In appointing Mike Horn as its brand ambassador, Metaxa has chosen boldly for the new UK promotional campaign and repackaging of its Greek spirit brand 12 Stars. Horn, a former South African special forces soldier, makes Bear Grylls look something of a soft touch, taking exploration to even harder extremes.
Metaxa’s new brand ambassador, adventurer Mike Horn
When the 50-year-old proclaims that “my dreams still scare me – if they don’t, they’re not big enough,” he’s hardly joking. Solo circumnavigations of the Equator and the Arctic Circle lasting 18 months and two years respectively, followed by a two-month journey in total darkness without motorised transport from Russia to the North Pole are testament to that.

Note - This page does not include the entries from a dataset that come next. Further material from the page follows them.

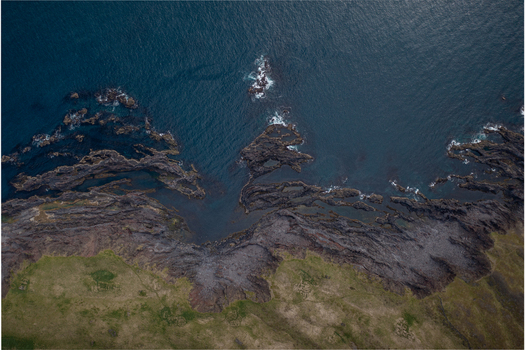 Aerial view of the dramatic volcanic coastline at Djupalonssandur featuring dark jagged rock formations meeting the deep blue ocean and green grassy cliffs in Iceland. Aerial view of the dramatic volcanic coastline at Djupalonssandur featuring dark jagged rock formations meeting the deep blue ocean and green grassy cliffs in Iceland.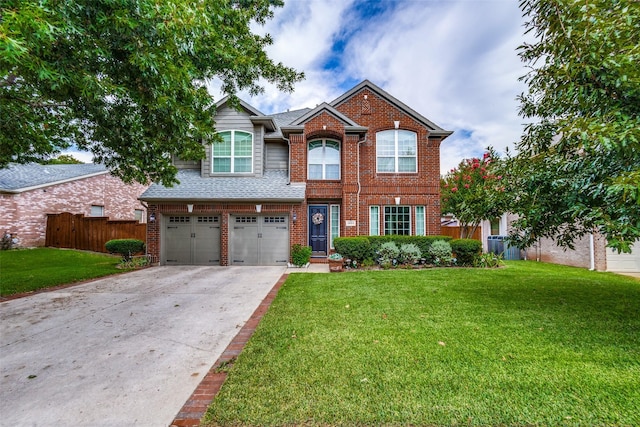 view of front of house featuring a garage and a front lawn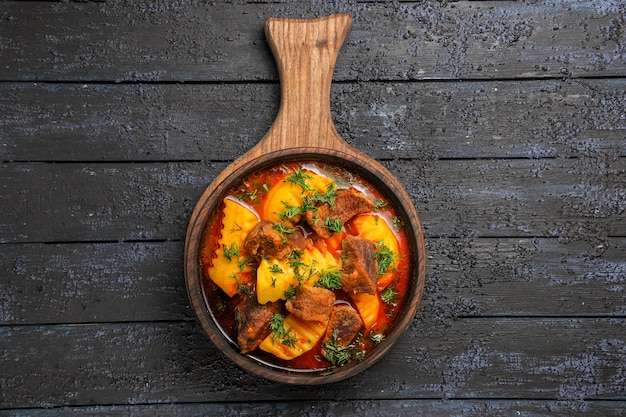 Foto gratuita vista superior de la sopa de salsa de carne con patatas y verduras en el escritorio oscuro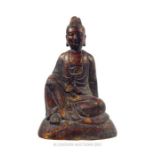 A Chinese, metal, seated female Buddha with traces of gilding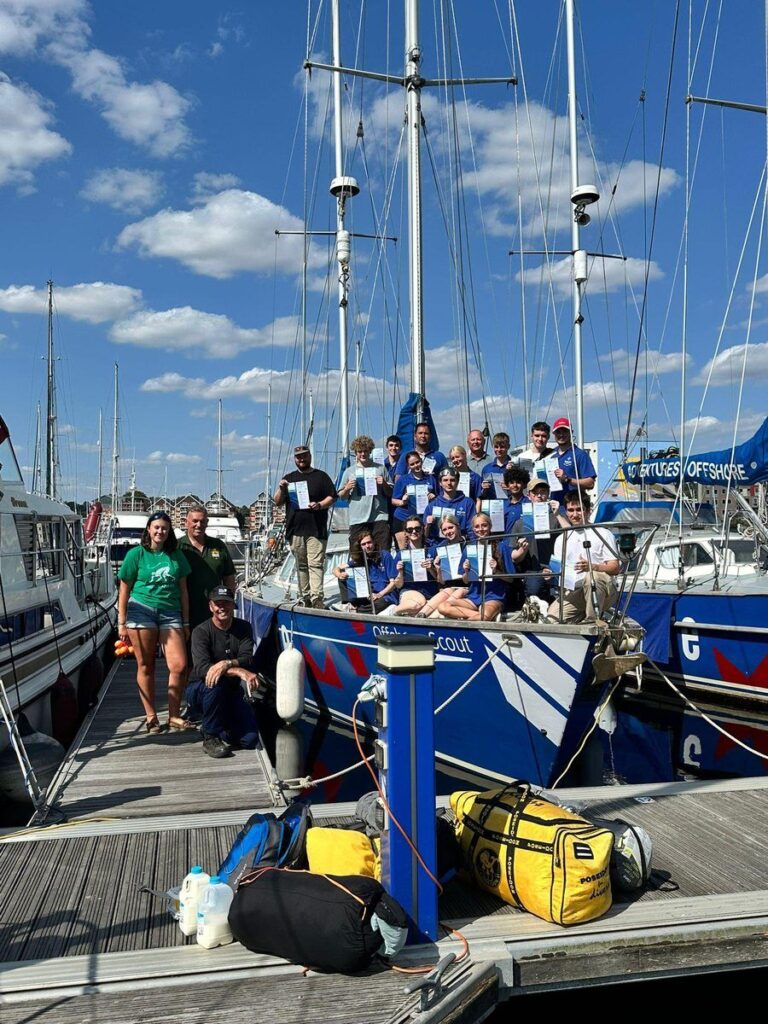 The crew celebrating with their Competent Crew certificates at journey's end
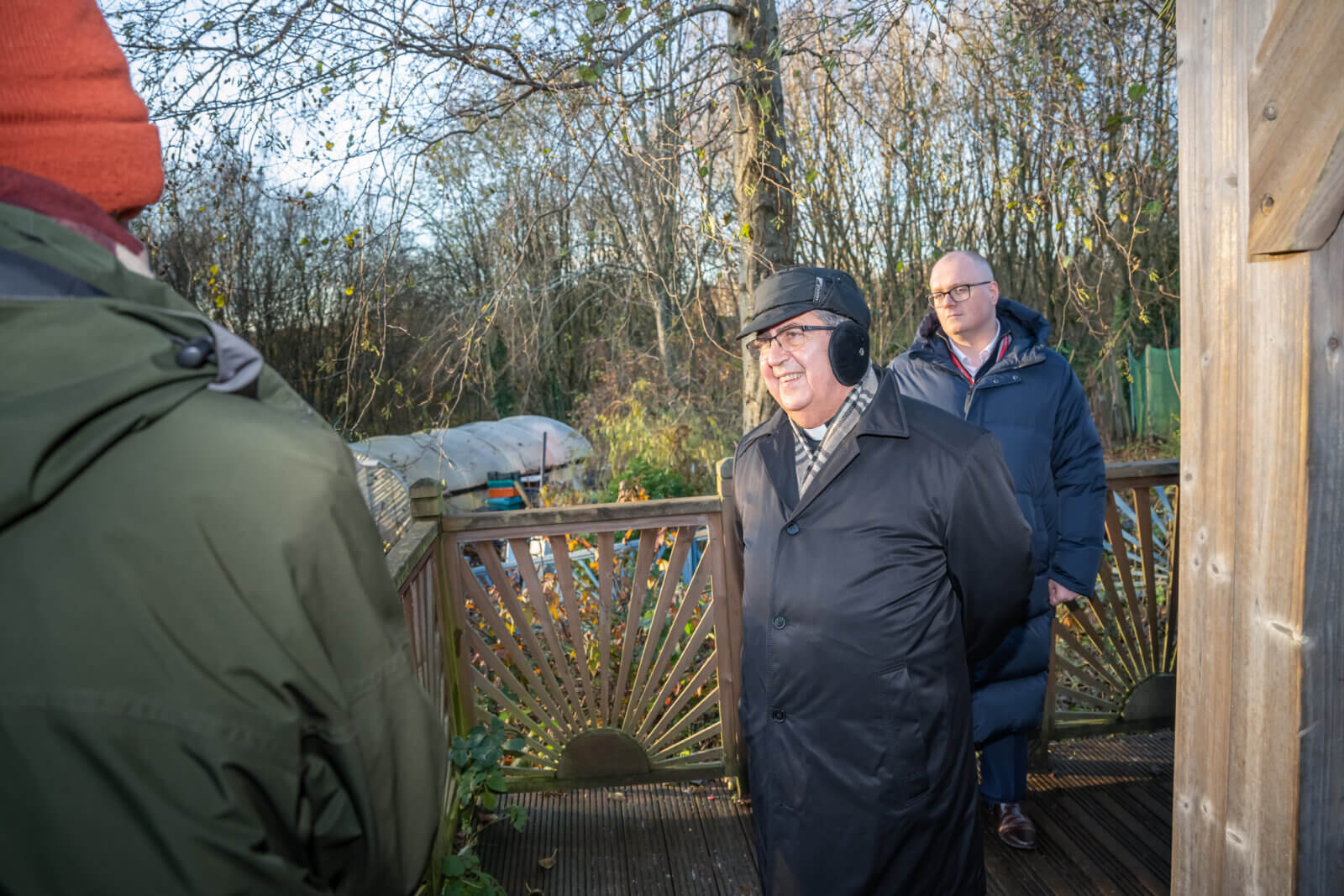Nuncio in black goad and hat smiling at someone off camera. Caritas Salford allotment in background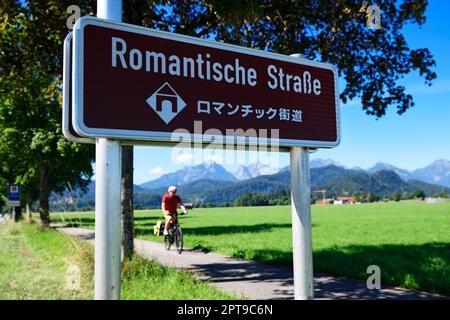 Radfahrer vor dem Schild Romantische Straße mit Übersetzung in Japanisch, Schwangau, Oberbayern, Bayern, Deutschland Stockfoto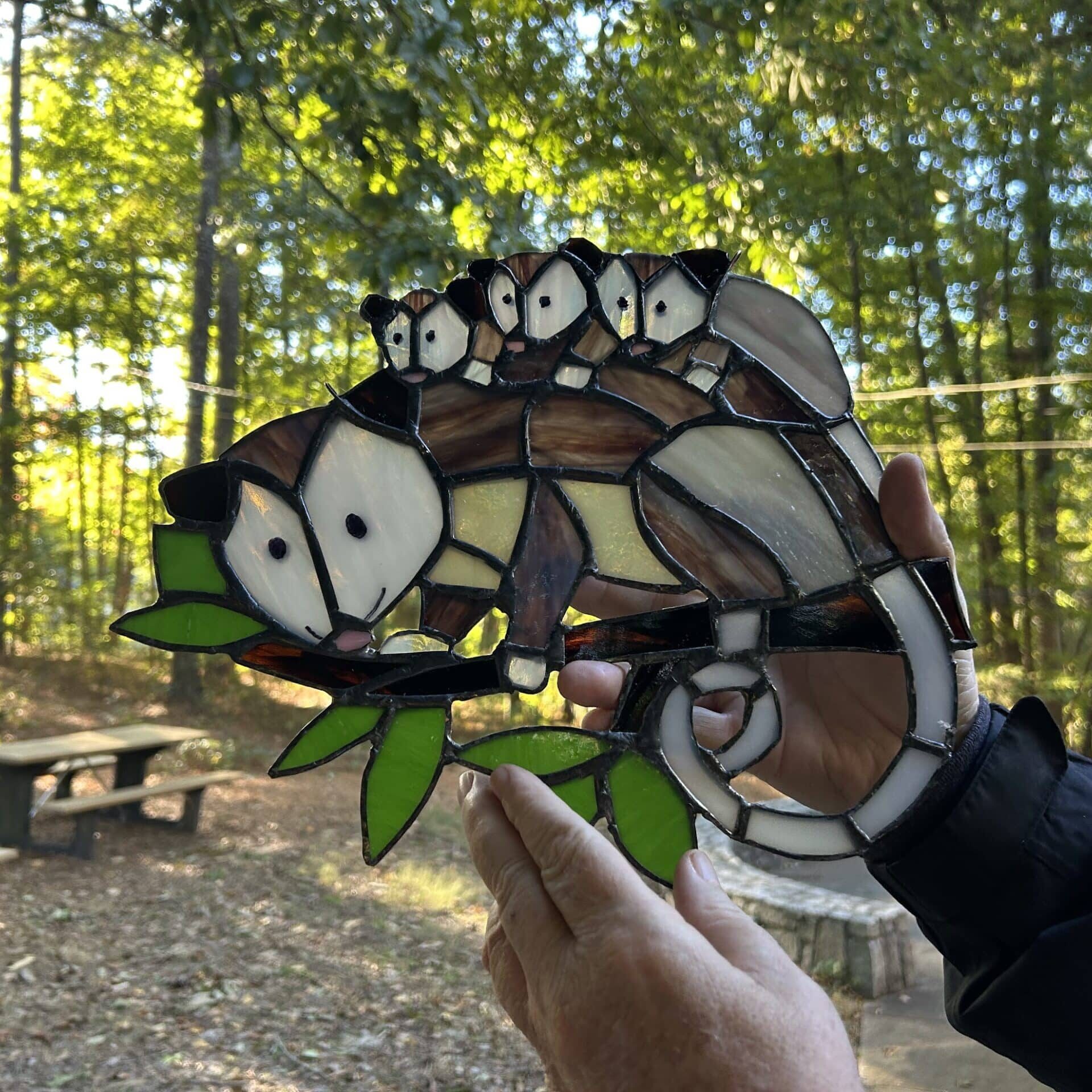 stained glass opossum with three babies on her back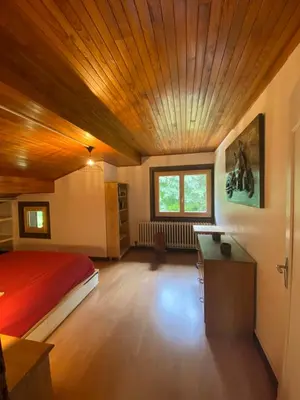a bedroom with a bed and a desk in it at Logement mansardé dans maison avec jardin en bord de piste, vue montagne in Les Houches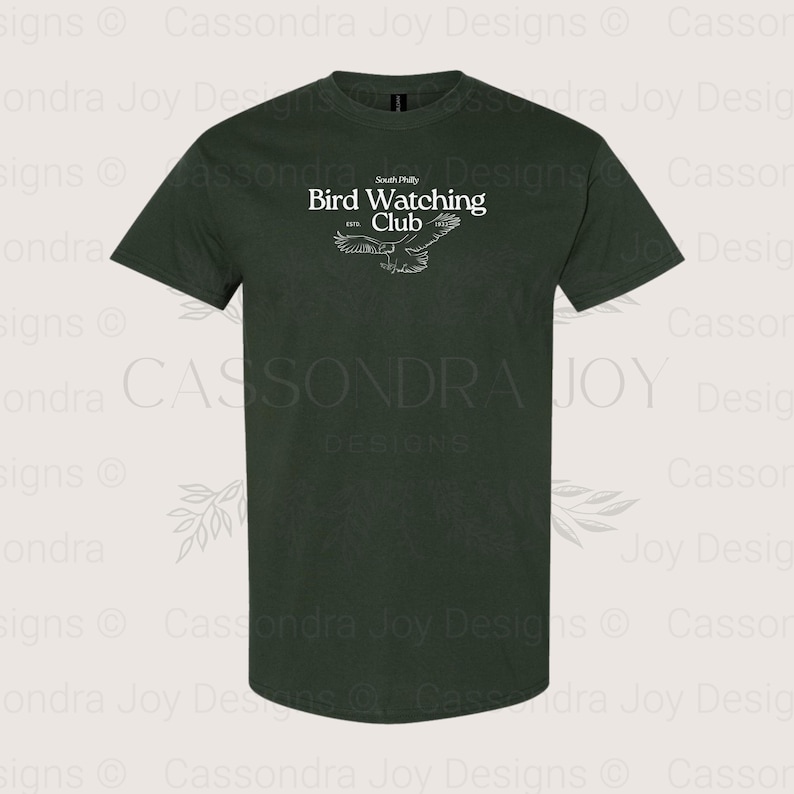 Puede incluir: Una camiseta de manga corta de color verde bosque oscuro con texto blanco que dice South Philly Bird Watching Club ESTD 1922, acompa&ntilde;ada de una ilustraci&oacute;n de l&iacute;neas blancas de un p&aacute;jaro con las alas extendidas en el centro del pecho.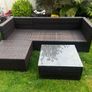 Rattan L shape garden lounge set with table Image 6
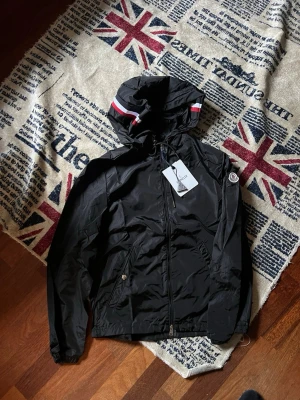 Svart vindjacka från Moncler - Size 2, Snygg svart vindjacka från Moncler med huva och dragkedja framtill. Jackan har Moncler-logga på ärmen och coola rödvita detaljer på huvan. Tillverkad i lätt, vindtätt material som passar perfekt för blåsiga dagar.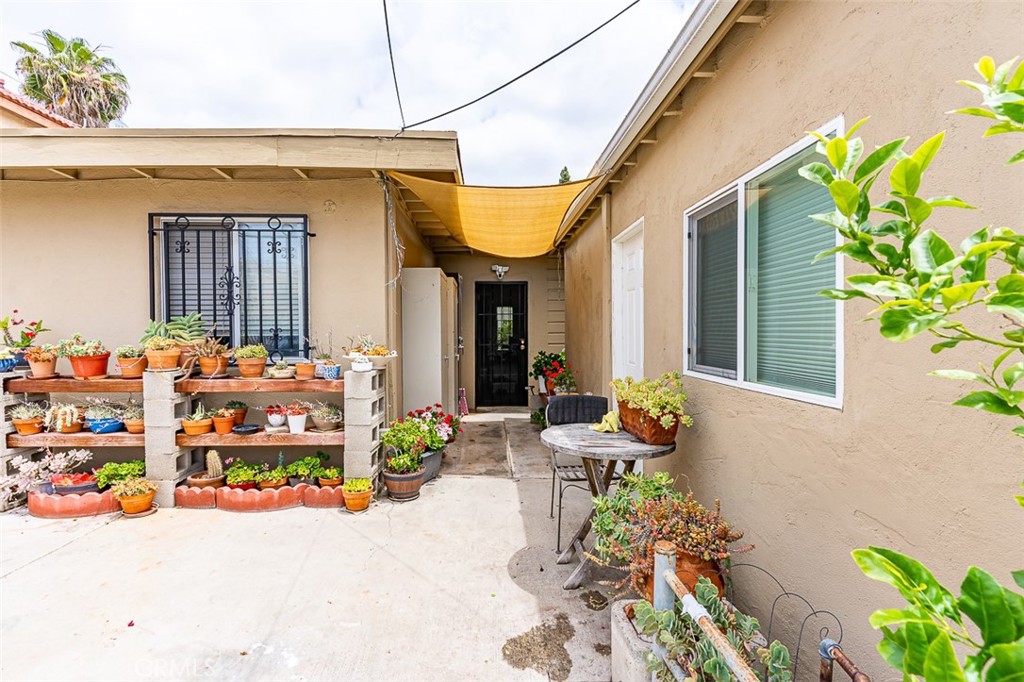 13809 Funston Avenue Norwalk, CA 90650 - Photo 11 of 16 a front view of a house with outdoor seating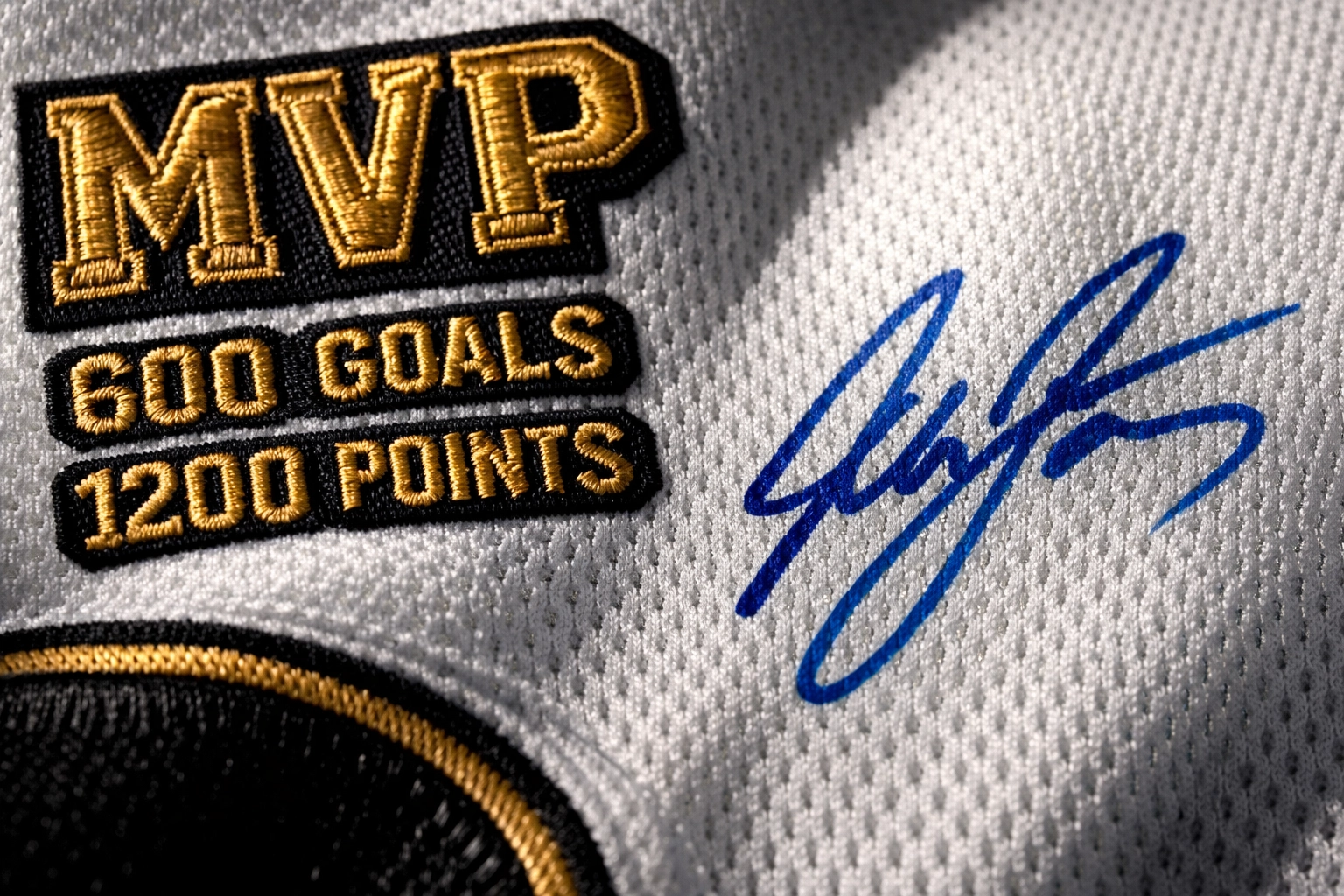 Detailed view of the embroidery and signature on an authentic sports memorabilia career jersey.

Horn is as rugged and grizzled-looking as it gets. Metaxa 12 Stars, by contrast, is renowned for its smoothness, but the two opposites are a good match, as is often the case, as they are both complex and unconventional with a degree of mystery.
Just as whatever drives Horn will never be fully comprehensible to most people, so some of the precise ingredients that make up Metaxa’s 12 stars will always be a secret. It is widely mistaken for being a brandy, being 40% abv and made from distillates, but up to 25% of the blend is Muscat de Frontignan fortified wine from the Aegean island of Samos. What gives it its special aroma and character are the eight botanicals that are macerated in the blend for over a year.
Metaxa 12 Stars
Just one of these – rose petals – is public knowledge, and only because an alert German journalist noticed bundles of them on a visit to Metaxa’s Athens distillery a couple of years ago. She mentioned them in print, forcing the company to admit they were used.
None of the other seven mysterious ingredients were visible during my visit to the distillery in September, but I did manage to extract a couple of nuggets from Constantinos Raptis, Metaxa’s master blender: juniper is not one of the botanicals, and most but not all of the ingredients come from Greece.
Interestingly, Metaxa’s production method has not changed since Spyros Metaxa first made it in 1888. At first, the spirit was labelled as Cognac, but this had to be removed when the French denomination of Cognac was introduced in 1937. ‘Brandy’ likewise appeared on the label until 1987 when new regulations prevented its usage.
Now, ‘Original Greek Spirit’ is the official descriptor on each of the ten million bottles produced every year in various sizes: 20cl for airlines, 50cl for supermarkets, 70cl typically, with the biggest being 3 litres. Brands include 3, 5, 7 and 12 Stars (one star for each year the distillates are aged in limousin oak casks).
The 12 Stars carries an RRP of £30. You can add another £100 for Metaxa’s Angels’ Treasure, which is made of distillates aged between 30 and 50 years. Intense, complex and very long, this is hugely concentrated with a honeyed nose, and dried fruits, sweet spice and toffee on the palate.
Collectors with a very large budget might like to consider Metaxa’s ultimate product, AEN, which is aged for 80 years plus and taken from more than 200 blends, which sells €1,950 per bottle, with only 1,888 made. Massively concentrated, deep mahogany in colour and 45.3% abv, Raptis hails it as it “the out-of-this-world nectar of Cask no 1”.
The 12 Stars however, offers real bang for your buck. Voluptuous, deep amber in colour with 2.5% sugar content, it is an alluring cornucopia of dark chocolate, butterscotch, orange peel, prune, dried fig and sweet spices, with subtle fragrant toasted oak notes adding to its complexity.
Its new packaging is distinctly smart – a blue box opening up to reveal an elegant bottle with Spyros Metaxa’s signature on it along with the company’s emblem, a Salamina warrior medallion. The original was discovered when foundations for the distillery in Piraeus were being dug.
While the new packaging was doubtless aimed at travel retail, Metaxa’s biggest single market, it should raise its profile in the UK and the other 60 countries where it’s exported. Sales are highest in the Czech Republic, but have been steadily climbing in Britain.